_Provided data_.
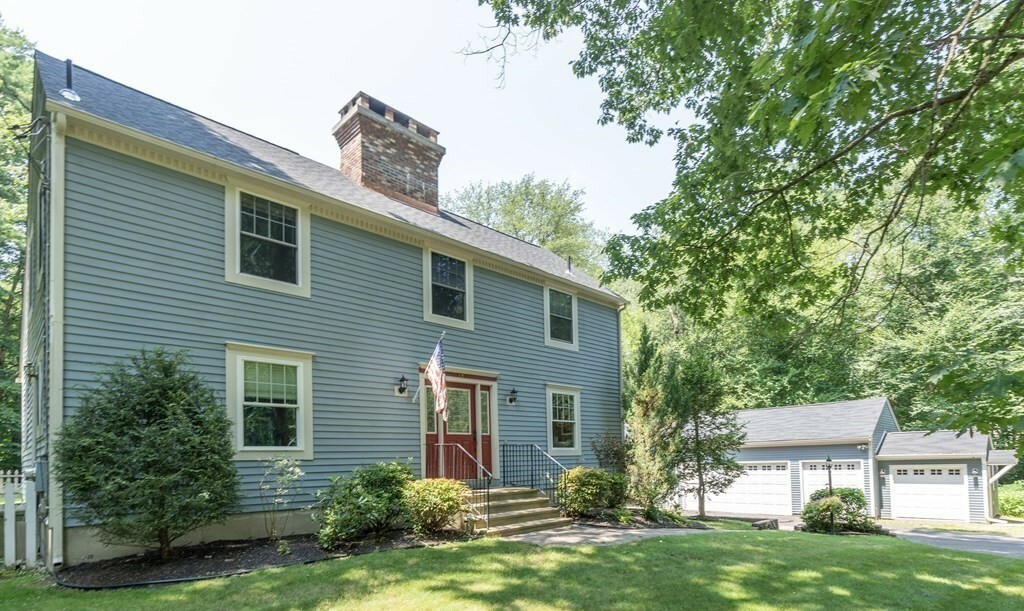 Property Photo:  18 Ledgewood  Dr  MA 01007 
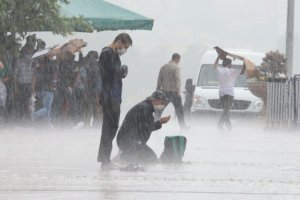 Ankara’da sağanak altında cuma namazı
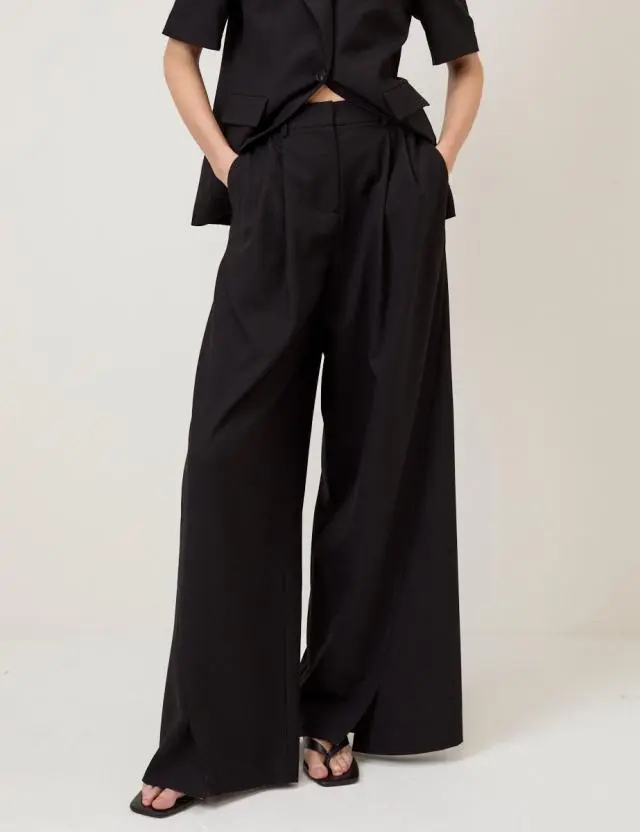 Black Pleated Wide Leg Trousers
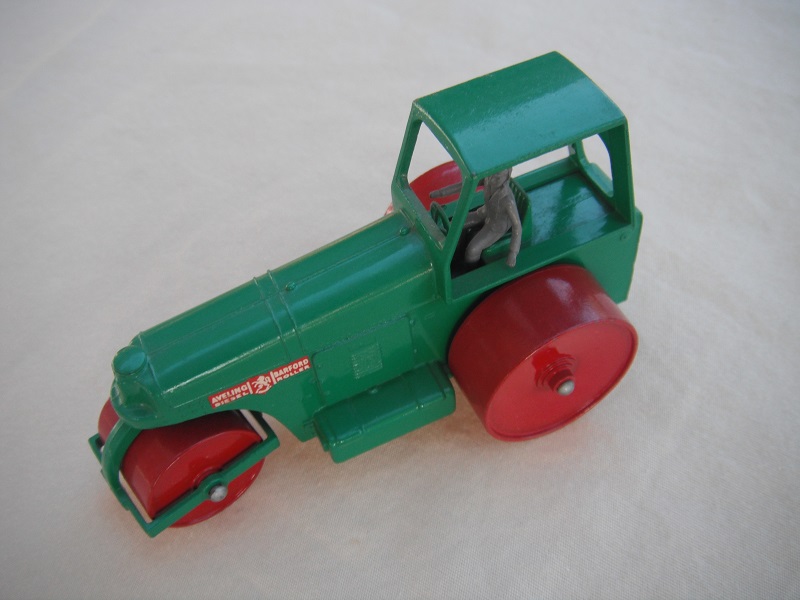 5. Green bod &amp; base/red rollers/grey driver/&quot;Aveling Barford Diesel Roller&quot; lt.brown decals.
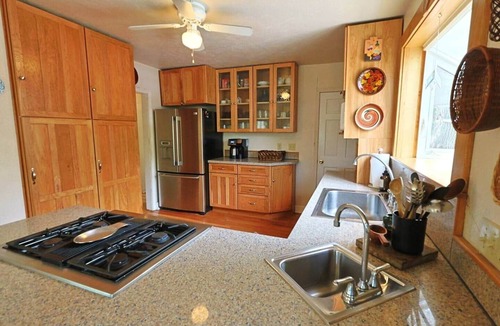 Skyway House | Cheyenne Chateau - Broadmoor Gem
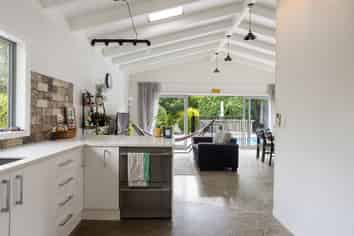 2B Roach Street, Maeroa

_Exercise goal_.
Only the lines from the first line of the listing above through the line with "5. Green bod" should be set down, exactly and without pictures.

_Task response_.
 Property Photo:  18 Ledgewood  Dr  MA 01007 
 Ankara’da sağanak altında cuma namazı
 Black Pleated Wide Leg Trousers
 5. Green bod &amp; base/red rollers/grey driver/&quot;Aveling Barford Diesel Roller&quot; lt.brown decals.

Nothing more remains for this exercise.